Volokh Conspiracy has a good post called 'How much did Shakespeare embiggen* the English vocabulary?'

Basically, there is an old trope that the great English moshel William Shakespeare introduced a huge amount of neologisms (words which he himself coined) into the language. Many of them are still in use. While this is true, it seems that the number is vastly overstated. Sources which Volokh cites claim that fully 1700 words were created by Shkspr, words like "majestic," "pious" and "obscene."

Nowadays digitization is all the rage in information dissemination. There are all sorts of companies working on digitizing an amazing range of literature, and it's no secret that my blogging is highly influenced by the opportunity this affords. Anyway, using Chadwyck-Healey's Early English Books Online [EEBO] Volokh can show that many of these words were not coined by Shakespeare, but are found in published works that precede him.
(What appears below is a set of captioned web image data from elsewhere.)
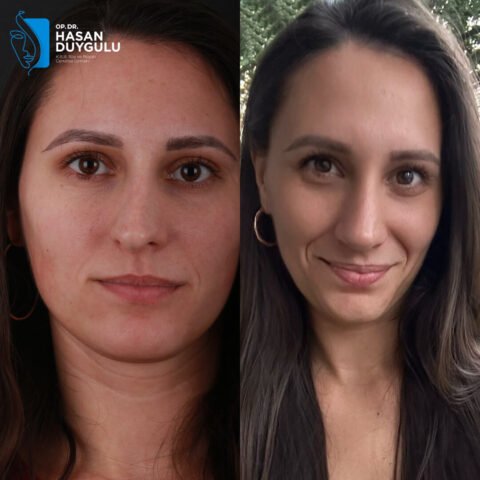 rhinoplasty-surgery-turkey-ıstanbul
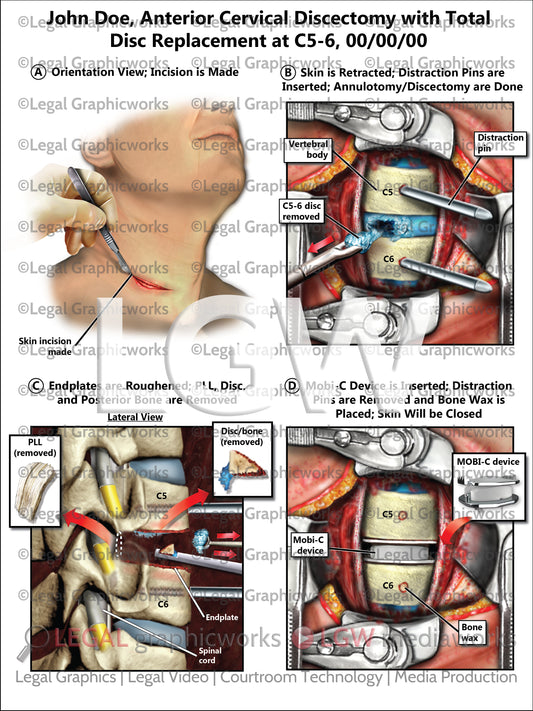 Anterior Cervical Discectomy with Total Disc Replacement at C5-6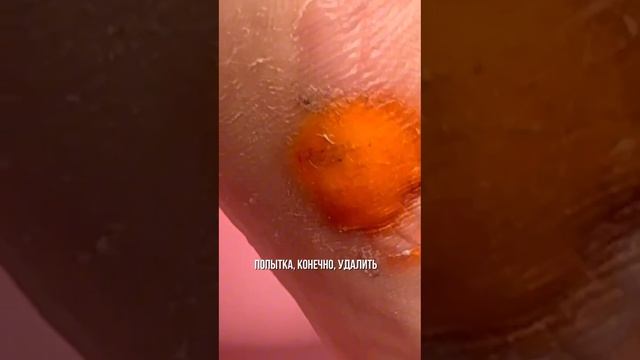 К чему привёл китайский препарат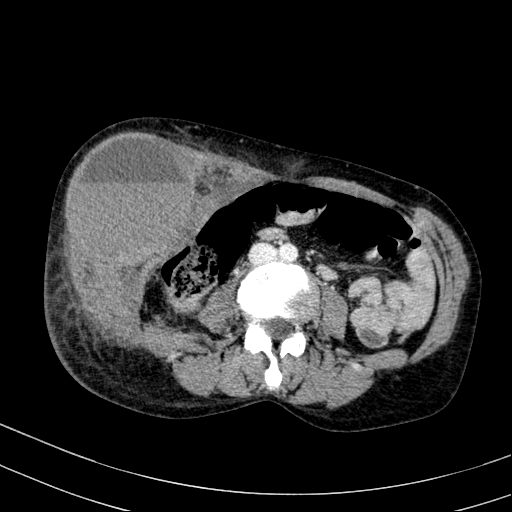 Abdominal wall hematoma with active bleeding (Radiopaedia 83915-99117 Axial C+ portal venous phase 53).jpg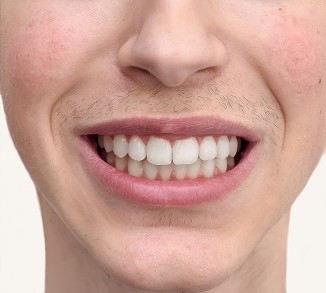 teeth before and after braces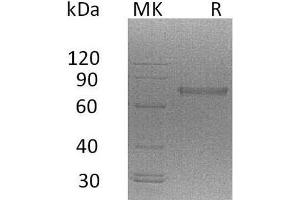 Western Blotting (WB) image for Natural Cytotoxicity Triggering Receptor 1 (NCR1) protein (His tag) (ABIN7320619)
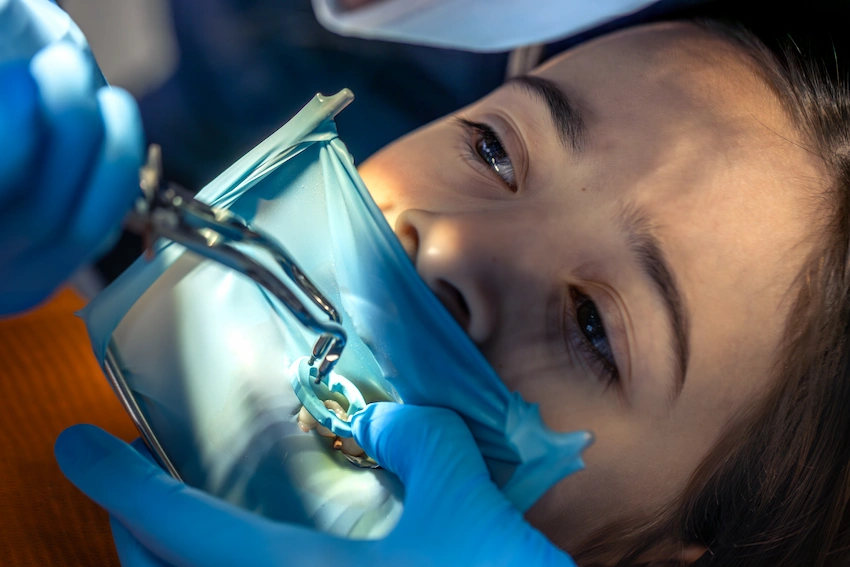 как удаляются амальгамовые пломбы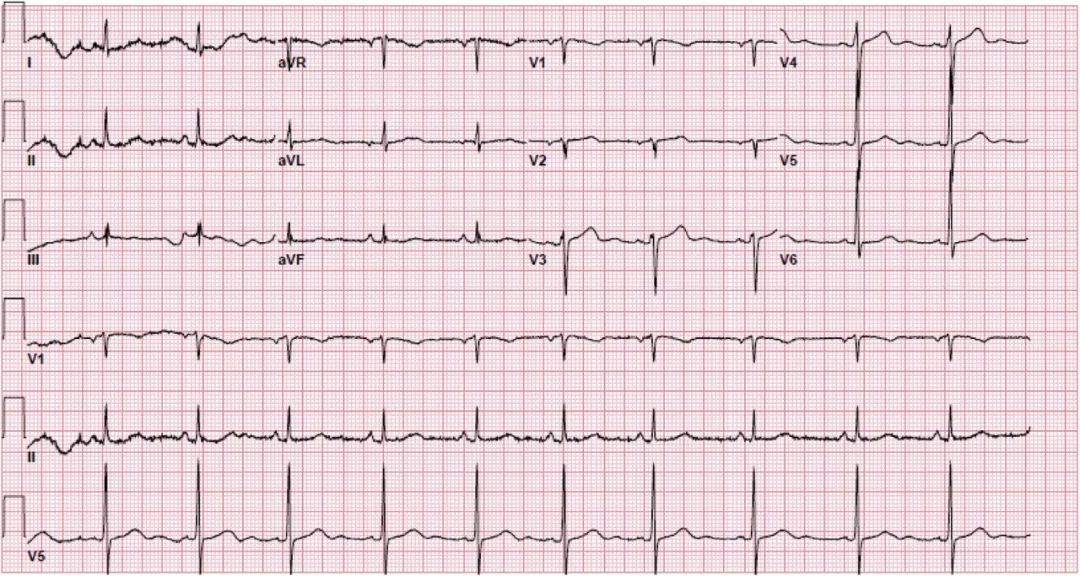 高血压急症的治疗,高血压急症个案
The source for this trope (apart for its grain of truth) is the majestic** Oxford English Dictionary, which often cites Shakespeare as the first usage of a word in literature. Now, this is not the OED's fault. First of all, it doesn't make the claim that the earliest usage they were able to find is the earliest usage in all of literature. Secondly, the earliest usage in print or handwriting is evidence of usage but not coinage.

So it's very cool that non-professionals (and professionals) now have tools at their tips to do research that normally would require trips to great libraries and jumping through hoops for access to 500 year old books that one may look at (but not touch) so long as one could explain to someone else why exactly you need to look at them.

However, it's crucial not to think of digitization as a panacea. For one thing, things exist even if they haven't been scanned. For another, OCR (Optical character recognition) is still in its infancy. One small example: in Hebrew, teaching a computer to tell apart a ג and a נ or a ד and a ר is hard enough. But not only in non-Latin alphabets.

Go to Google Books and try to find all the references to the word "masorah" that occurs in the books published between 1700 and 1900 that they've digitized. 504 results. But don't forget also to search for maforah.

You try telling a computer that there is no difference between an "s" and a long S, or rather that an f (long ess) isn't an f (eff).

This will be fixed,*** but that will take time.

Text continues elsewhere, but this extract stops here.